A piece by Joey Mars featuring Harry Kemp
The Outsider Festival Kicks Off Inaugural Event
by Steve Desroches
Al Hansen would have been so proud. One of the founders of fluxus, an international community of artists who explored experimental performance, Hansen once tossed a piano off the roof of a four-story building in Frankfurt, Germany, during an Armed Forces show while he was serving in the 82nd Airborne Division in the late 1940s. It is often considered to be one of the first happenings, a live art performance that is often spontaneous. The piano drops became one of his most famous performance pieces, titled the Yoko Ono Piano Drop, so named for his good friend and fellow fluxus member. So, when Chuck White had an accidental piano drop outside The Commons while preparing for the first Outsider Festival in Provincetown, he took it as a good omen, even though it meant he’d have to repair the piano so that it could be destroyed later.
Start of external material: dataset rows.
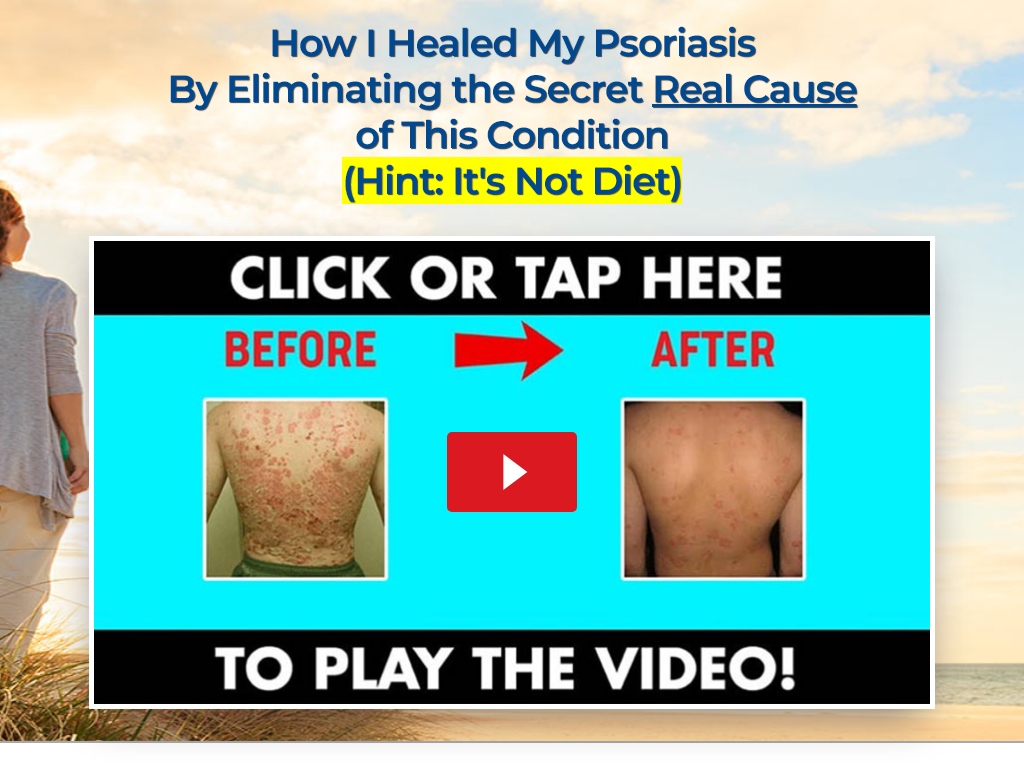Psoriasis Revolution Review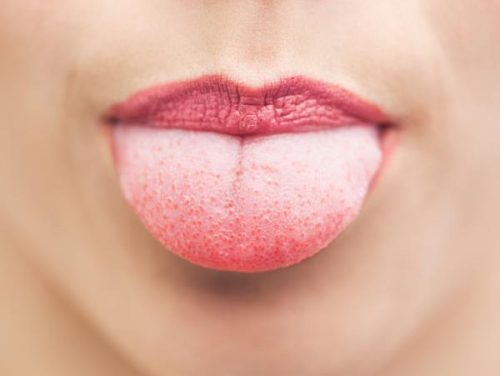 Gesunde Morgenrituale: Reinigung der Zunge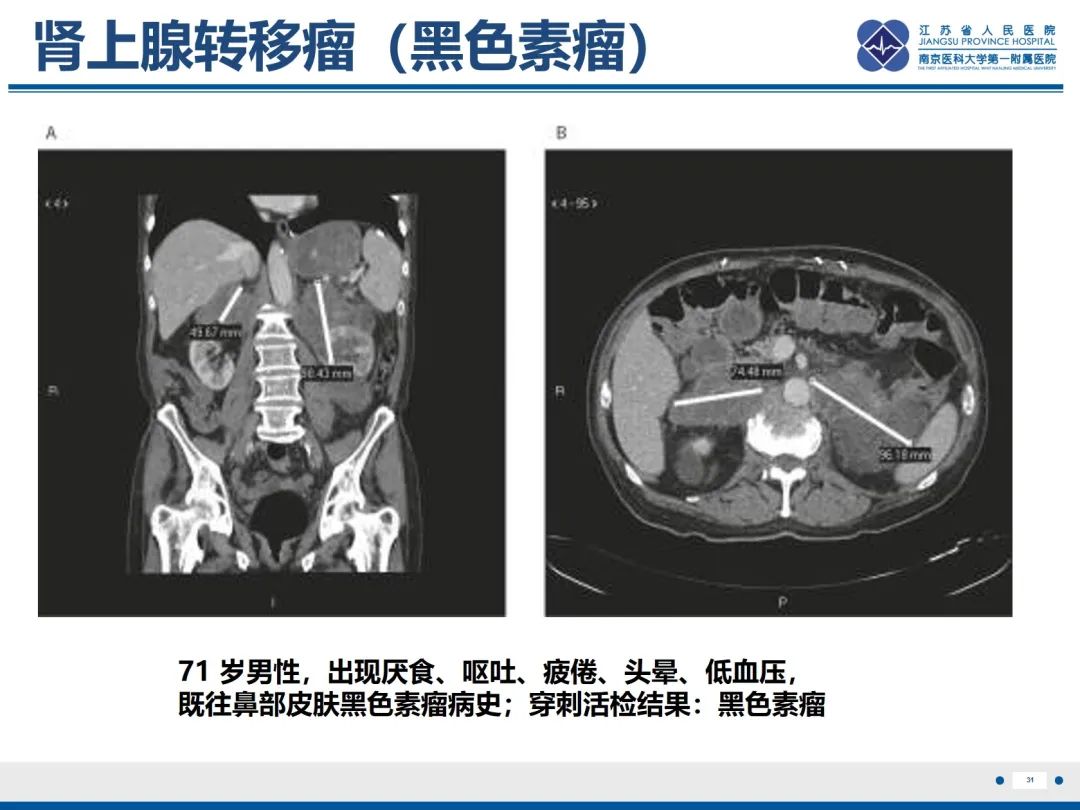 影像PPT - 【PPT】原发性肾上腺皮质功能减退症-32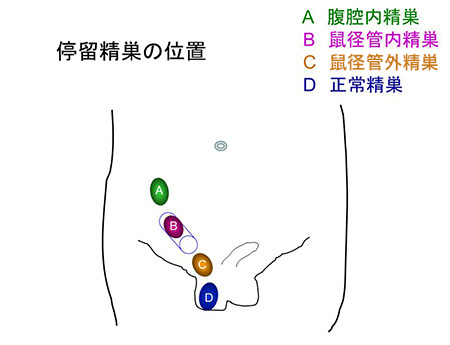 子供の精巣が降りていない と言われた 日本泌尿器科学会 The Japanese Urological Association 一般のみなさま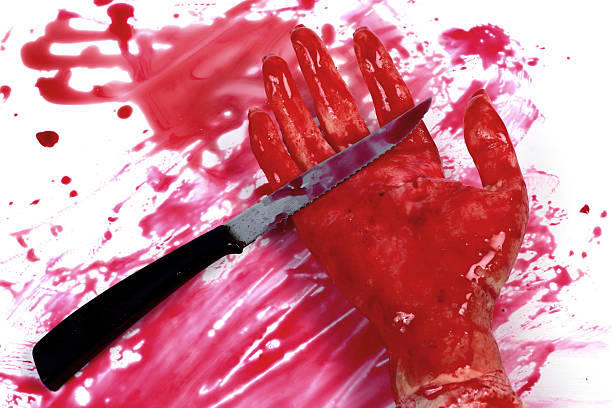 istock Bloody hand and a knife 11 185449944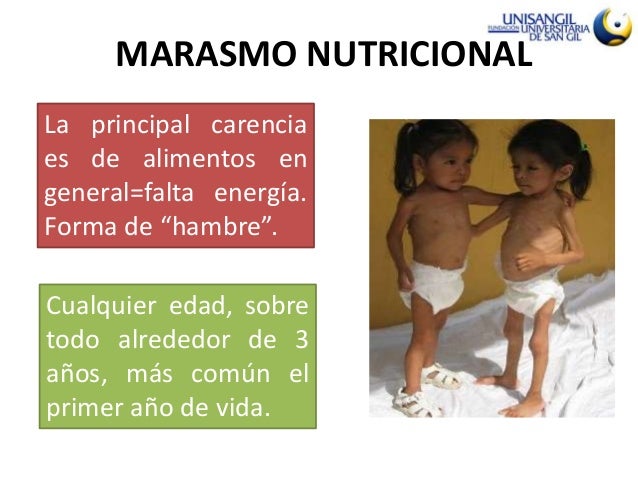 Marasmo kwashiorkor Marasmo kwashiorkor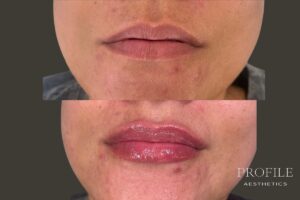 Lip Filler Before & After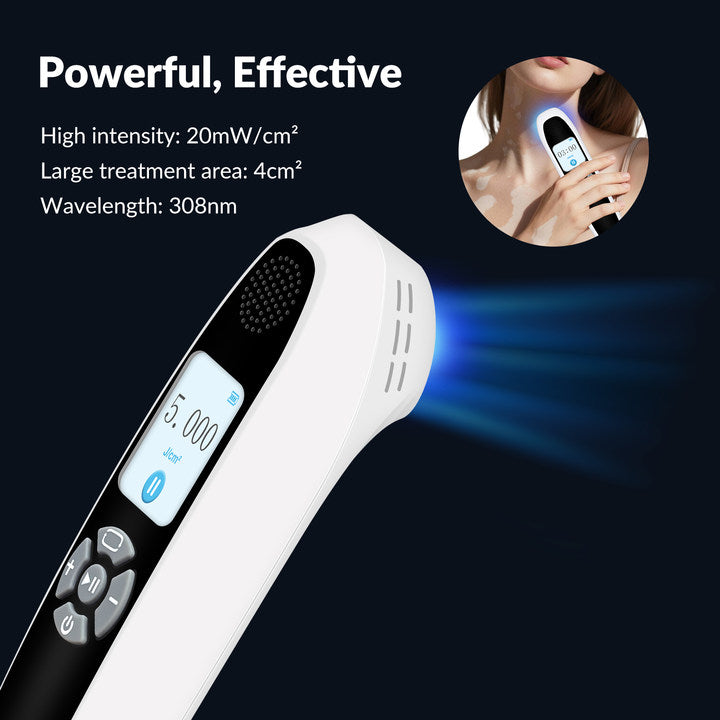 Handheld 308nm Excimer UVB Lamp – High Intensity, High Targeting Light Therapy for Vitiligo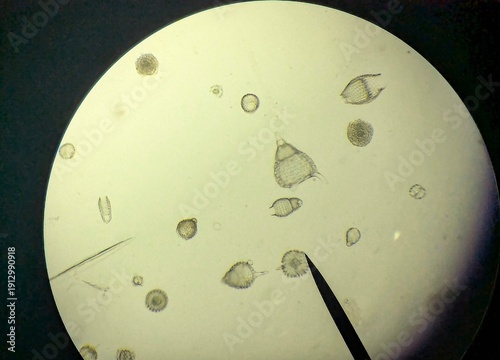 Fotografie Light micrograph of radiolaria, unicellular eukaryotic zooplankton found worldwide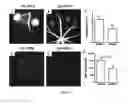 Fig. 07 - METHODS AND PHARMACEUTICAL COMPOSITIONS FOR THE TREATMENT OF CHOROIDAL NEOVASCULARISATION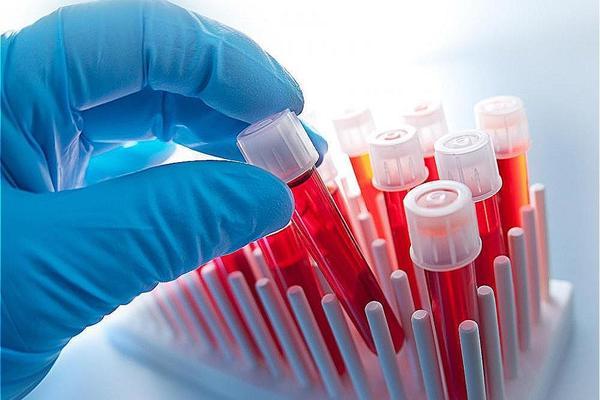 Hematology Analyzers & Reagents Market forecast to 2024 examined in new market research report<span class="rating-result after_title mr-filter rating-result-22598">			<span class="no-rating-results-text">No ratings yet.</span>		</span>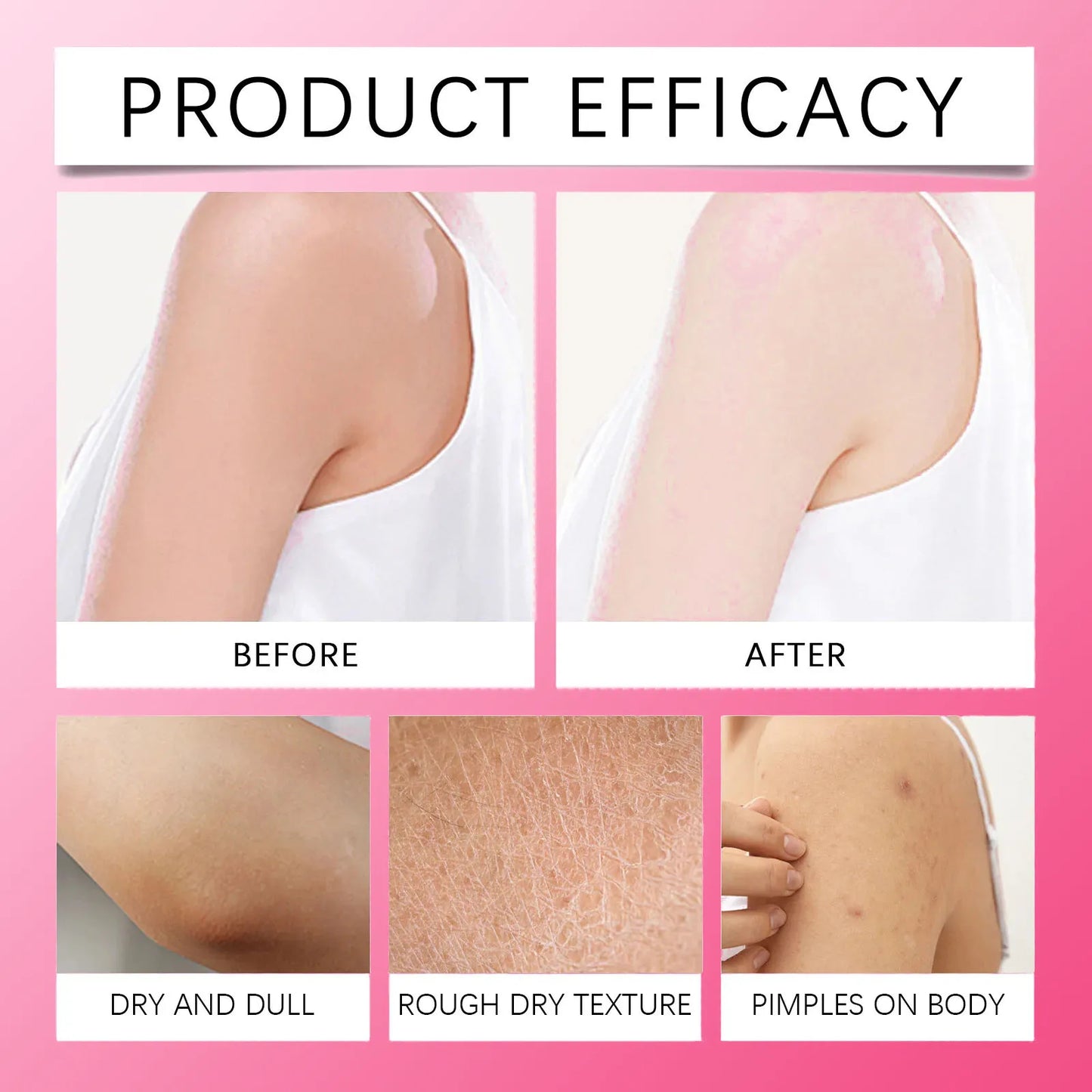 Whitening Body Cream For Dark Skin Armpit Thigh Inner Joint Fade Intimate Area Underarm Body Care Private Part Brighten Lotion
“I got impatient and thought I could get it off the truck myself,” says White. “As soon as it hit the ground I just laughed. Off course it broke. We started putting it back together just so we can take it apart. Then we made it to the Old Colony in time for last call.”
The Outsider Festival celebrates the art of Provincetown’s past, and present, that rattles the status quo. As its founder, White, whose mind is a veritable switchboard of art and outsider culture, says the whole concept of the festival is driven by that magical sense of synchronicity, serendipity, and community that is at Provincetown’s creative core. As vice president and chief archivist of the David Bieber Archives, a mammoth pop culture, art, and rock and roll collection in Norwood, Massachusetts, White is an indefatigable researcher whose work spills over into Provincetown, a place with which he has long and deep ties. In addition to the above-mentioned cosmic force, kismet came into play when White found an August 24, 1964 issue of Newsweek with an article about a tumultuous time in the art scene in Provincetown that mentions Hansen. That same week he was talking to his friend Adam Epstein, founder of Martha’s Vineyard’s Beach Road Weekend Music Festival, who was excited he landed rock star Beck as his headliner. Unbeknownst to White, Beck’s grandfather was Al Hansen. He took it as a sign and went back to the Newsweek article and read this passage, which planted the seed for the Outsider Festival:
“[Hans] Hoffman, a warm and judicious man, does not like to invoke controversy. But at the opening of the Golden Anniversary show, he said: “I wish the Art Association a long existence and from time to time some healthy troublemakers which hold the creative spirit alive…Representing the healthy troublemakers is Al Hansen, a young New York artist who directs he HCE (Here Comes Everybody) Gallery, Provincetown’s best, and shows his own elegant and witty collages at the more far-out East End Gallery. ‘The Art Association is a great case of arteriosclerosis,’ Hansen says.”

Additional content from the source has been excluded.